**Source information**.
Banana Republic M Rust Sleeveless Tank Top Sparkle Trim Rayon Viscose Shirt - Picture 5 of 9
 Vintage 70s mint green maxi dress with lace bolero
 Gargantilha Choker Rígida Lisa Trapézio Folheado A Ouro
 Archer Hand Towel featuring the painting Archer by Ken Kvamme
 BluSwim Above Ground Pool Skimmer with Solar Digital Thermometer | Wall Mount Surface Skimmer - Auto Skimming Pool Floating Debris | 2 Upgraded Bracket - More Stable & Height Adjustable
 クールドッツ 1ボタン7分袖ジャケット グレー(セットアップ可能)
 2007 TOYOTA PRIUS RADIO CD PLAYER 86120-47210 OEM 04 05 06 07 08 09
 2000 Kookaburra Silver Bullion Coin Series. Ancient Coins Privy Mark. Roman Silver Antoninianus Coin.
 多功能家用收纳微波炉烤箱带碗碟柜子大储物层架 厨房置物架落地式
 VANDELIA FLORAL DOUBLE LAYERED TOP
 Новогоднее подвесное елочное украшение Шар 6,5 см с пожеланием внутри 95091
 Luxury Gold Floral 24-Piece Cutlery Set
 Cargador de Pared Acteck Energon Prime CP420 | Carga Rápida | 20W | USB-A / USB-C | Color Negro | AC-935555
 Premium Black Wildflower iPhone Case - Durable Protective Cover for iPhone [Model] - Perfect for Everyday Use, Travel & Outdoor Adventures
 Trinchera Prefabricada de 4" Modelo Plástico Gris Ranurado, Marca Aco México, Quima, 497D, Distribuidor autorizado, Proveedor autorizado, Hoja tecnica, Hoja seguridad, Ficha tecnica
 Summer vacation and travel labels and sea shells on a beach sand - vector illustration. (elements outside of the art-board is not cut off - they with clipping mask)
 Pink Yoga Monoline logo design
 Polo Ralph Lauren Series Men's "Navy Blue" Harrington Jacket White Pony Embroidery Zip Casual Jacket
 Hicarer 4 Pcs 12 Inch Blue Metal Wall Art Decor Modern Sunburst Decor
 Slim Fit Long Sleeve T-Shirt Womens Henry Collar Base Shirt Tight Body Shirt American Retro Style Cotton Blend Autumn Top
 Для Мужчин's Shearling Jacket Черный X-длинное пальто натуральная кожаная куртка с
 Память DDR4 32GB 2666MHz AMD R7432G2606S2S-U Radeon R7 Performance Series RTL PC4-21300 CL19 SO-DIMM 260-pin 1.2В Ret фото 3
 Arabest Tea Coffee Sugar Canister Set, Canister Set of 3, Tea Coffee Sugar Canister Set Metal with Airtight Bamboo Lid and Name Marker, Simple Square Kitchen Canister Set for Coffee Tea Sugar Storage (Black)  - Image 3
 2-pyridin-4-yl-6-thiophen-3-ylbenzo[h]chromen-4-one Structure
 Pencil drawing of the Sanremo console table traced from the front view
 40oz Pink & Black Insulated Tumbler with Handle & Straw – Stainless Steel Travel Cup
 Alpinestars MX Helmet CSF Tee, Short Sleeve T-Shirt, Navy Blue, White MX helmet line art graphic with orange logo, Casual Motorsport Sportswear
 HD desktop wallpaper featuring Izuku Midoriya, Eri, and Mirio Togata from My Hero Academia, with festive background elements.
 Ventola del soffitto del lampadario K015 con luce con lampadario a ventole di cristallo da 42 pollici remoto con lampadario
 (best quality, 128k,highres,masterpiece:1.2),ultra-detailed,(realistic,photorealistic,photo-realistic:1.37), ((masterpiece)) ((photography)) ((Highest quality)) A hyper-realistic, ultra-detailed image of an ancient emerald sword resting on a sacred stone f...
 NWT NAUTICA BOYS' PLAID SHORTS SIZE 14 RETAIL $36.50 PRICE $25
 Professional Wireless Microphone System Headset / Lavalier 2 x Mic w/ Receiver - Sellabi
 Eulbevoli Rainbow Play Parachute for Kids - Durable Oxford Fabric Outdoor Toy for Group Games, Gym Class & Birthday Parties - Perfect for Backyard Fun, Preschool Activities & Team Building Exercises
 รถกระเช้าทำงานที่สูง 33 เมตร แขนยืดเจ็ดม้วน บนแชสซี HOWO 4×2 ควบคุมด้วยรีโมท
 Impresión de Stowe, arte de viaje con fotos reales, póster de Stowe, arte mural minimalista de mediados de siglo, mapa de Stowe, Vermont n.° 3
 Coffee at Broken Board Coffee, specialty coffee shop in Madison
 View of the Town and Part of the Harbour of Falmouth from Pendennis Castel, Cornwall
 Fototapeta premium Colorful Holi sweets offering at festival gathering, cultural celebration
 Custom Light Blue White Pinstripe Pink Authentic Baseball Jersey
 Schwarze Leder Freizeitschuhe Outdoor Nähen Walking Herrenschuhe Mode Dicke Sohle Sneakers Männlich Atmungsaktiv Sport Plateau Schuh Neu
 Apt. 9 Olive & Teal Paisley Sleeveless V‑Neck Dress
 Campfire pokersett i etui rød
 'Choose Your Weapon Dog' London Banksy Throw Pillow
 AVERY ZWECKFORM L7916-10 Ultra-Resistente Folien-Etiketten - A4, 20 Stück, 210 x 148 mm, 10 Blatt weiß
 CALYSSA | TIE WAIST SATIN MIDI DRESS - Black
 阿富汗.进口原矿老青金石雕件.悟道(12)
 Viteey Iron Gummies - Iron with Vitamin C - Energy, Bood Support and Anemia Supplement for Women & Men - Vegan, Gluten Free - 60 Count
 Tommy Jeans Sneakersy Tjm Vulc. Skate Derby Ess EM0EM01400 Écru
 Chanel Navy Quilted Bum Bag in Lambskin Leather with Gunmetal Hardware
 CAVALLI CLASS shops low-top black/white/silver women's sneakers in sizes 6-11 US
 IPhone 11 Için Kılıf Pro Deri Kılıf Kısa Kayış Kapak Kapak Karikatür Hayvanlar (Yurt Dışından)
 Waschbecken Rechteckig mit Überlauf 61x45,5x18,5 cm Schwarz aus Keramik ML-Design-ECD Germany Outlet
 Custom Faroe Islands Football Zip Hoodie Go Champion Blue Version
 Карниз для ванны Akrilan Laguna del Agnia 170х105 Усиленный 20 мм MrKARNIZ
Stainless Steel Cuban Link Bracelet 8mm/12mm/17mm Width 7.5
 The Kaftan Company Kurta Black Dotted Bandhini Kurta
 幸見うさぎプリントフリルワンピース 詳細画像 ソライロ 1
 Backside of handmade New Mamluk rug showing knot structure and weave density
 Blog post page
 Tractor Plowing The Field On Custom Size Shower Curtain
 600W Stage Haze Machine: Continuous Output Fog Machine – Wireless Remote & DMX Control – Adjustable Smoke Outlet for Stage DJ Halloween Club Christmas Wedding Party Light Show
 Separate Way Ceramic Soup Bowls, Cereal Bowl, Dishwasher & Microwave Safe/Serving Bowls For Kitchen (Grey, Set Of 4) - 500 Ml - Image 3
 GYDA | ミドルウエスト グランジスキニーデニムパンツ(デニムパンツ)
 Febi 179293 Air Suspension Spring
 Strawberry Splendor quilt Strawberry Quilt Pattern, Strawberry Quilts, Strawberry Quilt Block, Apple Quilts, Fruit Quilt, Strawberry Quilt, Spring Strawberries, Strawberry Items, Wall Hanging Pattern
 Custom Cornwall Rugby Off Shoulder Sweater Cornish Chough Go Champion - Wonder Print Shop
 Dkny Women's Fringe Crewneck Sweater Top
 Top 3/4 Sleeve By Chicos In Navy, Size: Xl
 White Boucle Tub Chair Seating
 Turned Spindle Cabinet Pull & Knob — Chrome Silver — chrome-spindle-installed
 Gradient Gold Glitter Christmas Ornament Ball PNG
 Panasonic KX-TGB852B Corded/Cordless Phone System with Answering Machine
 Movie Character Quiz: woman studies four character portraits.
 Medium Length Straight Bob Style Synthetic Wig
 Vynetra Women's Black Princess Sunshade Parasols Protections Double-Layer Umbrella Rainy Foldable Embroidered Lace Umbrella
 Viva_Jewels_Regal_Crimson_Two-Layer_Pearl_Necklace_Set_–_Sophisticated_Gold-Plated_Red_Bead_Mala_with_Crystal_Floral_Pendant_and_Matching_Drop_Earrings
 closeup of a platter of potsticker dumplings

**Required action**.
Reproduce the records above line by line, without any change, up to and including the line that holds "クールドッツ 1ボタン7分袖ジャケット グレー(セットアップ可能)".

**Written answer**.
Banana Republic M Rust Sleeveless Tank Top Sparkle Trim Rayon Viscose Shirt - Picture 5 of 9
 Vintage 70s mint green maxi dress with lace bolero
 Gargantilha Choker Rígida Lisa Trapézio Folheado A Ouro
 Archer Hand Towel featuring the painting Archer by Ken Kvamme
 BluSwim Above Ground Pool Skimmer with Solar Digital Thermometer | Wall Mount Surface Skimmer - Auto Skimming Pool Floating Debris | 2 Upgraded Bracket - More Stable & Height Adjustable
 クールドッツ 1ボタン7分袖ジャケット グレー(セットアップ可能)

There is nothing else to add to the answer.